Сарси вдается здесь в чрезмерно подробное описание своих опытов, дабы подкрепить свое утверждение и опровергнуть наше; поскольку свои опыты он проводил в присутствии Вашей милости, я предоставляю их на Ваше рассмотрение как нечто такое, относительно чего я предпочитаю полагаться на Ваше суждение, нежели выносить свое. Поэтому, если Вашей милости угодно, перечитайте еще раз до конца приведенный выше отрывок, а я буду время от времени вставлять замечания относительно различных несущественных деталей.

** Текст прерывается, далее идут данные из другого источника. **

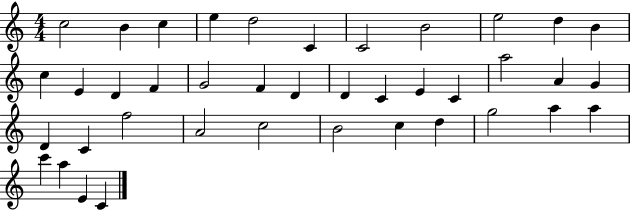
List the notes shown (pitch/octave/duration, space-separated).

C5/h B4/q C5/q E5/q D5/h C4/q C4/h B4/h E5/h D5/q B4/q C5/q E4/q D4/q F4/q G4/h F4/q D4/q D4/q C4/q E4/q C4/q A5/h A4/q G4/q D4/q C4/q F5/h A4/h C5/h B4/h C5/q D5/q G5/h A5/q A5/q C6/q A5/q E4/q C4/q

Прежде всего замечу, что утверждение, которое Сарси пытается приписать мне в самом начале своих опытов, совершенно ложно; по его словам, я якобы говорил, что вода, содержащаяся в сосуде, при вращении сосуда остается такой же неподвижной, как воздух. Я не удивляюсь, что Сарси написал это, ибо такое вполне допустимо для человека, который постоянно извращает смысл написанного и напечатанного другими, дабы выдать за чужие утверждения то, о чем он только говорит, будто слышал. Сдается мне, однако, что тот, кто печатает и доводит до всеобщего сведения услышанное от соседа, поступает не совсем так, как приличествует благовоспитанному человеку; тем более это относится к случаю, когда либо от недопонимания, либо по собственному выбору печатаемое сообщение значительно отличается от того, что было сказано в действительности, как это было в данном случае. Печатать мои сочинения и делать их доступными всему миру — мое дело, синьор Сарси, а не твое и не чье-нибудь еще. Даже если в ходе диспута человек обмолвился и сказал, как это иногда случается, какую-нибудь глупость, почему ты считаешь своим  {190}  долгом поспешать с напечатанием сказанного, тем самым лишая человека возможности спокойно обдумать сказанное и исправить допущенную ошибку, изменив свое мнение,— словом, самому распоряжаться своим умом и своим пером?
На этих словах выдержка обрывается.